▸ EXERCISE REQUIREMENTS
Pictures stay out of the copy. Retype exactly the lines below from the one with "Coupleur HDMI Image 7" through the one with "casa indipendente in vendita a Valdobbiadene".

▸ DATA

--- START ---

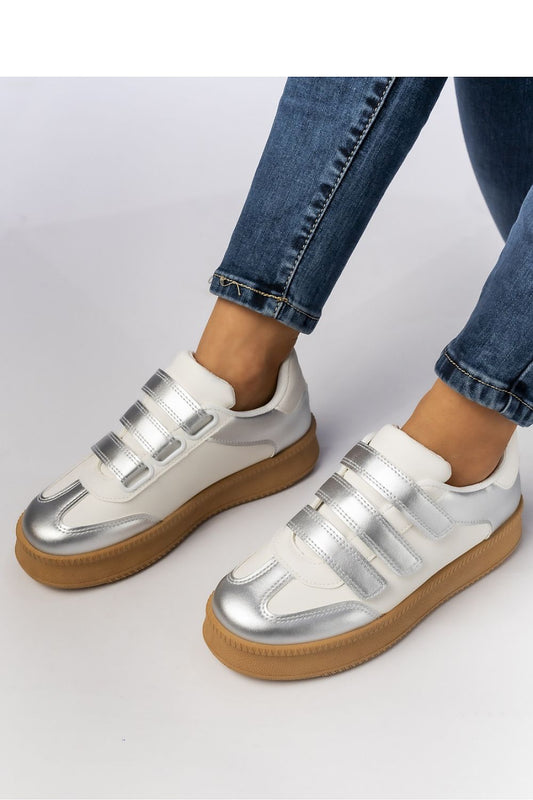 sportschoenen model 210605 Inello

--- END ---
--- START ---

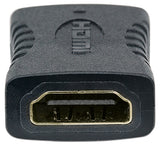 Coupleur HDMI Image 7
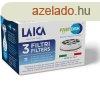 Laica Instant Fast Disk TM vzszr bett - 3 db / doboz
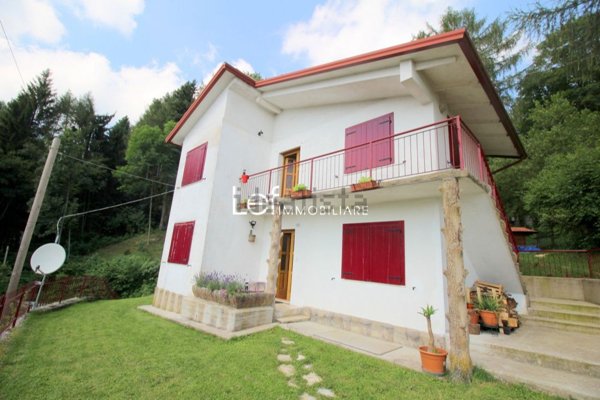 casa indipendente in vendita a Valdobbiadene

--- END ---

▸ REPLY TO THE EXERCISE
 Coupleur HDMI Image 7
 Laica Instant Fast Disk TM vzszr bett - 3 db / doboz
 casa indipendente in vendita a Valdobbiadene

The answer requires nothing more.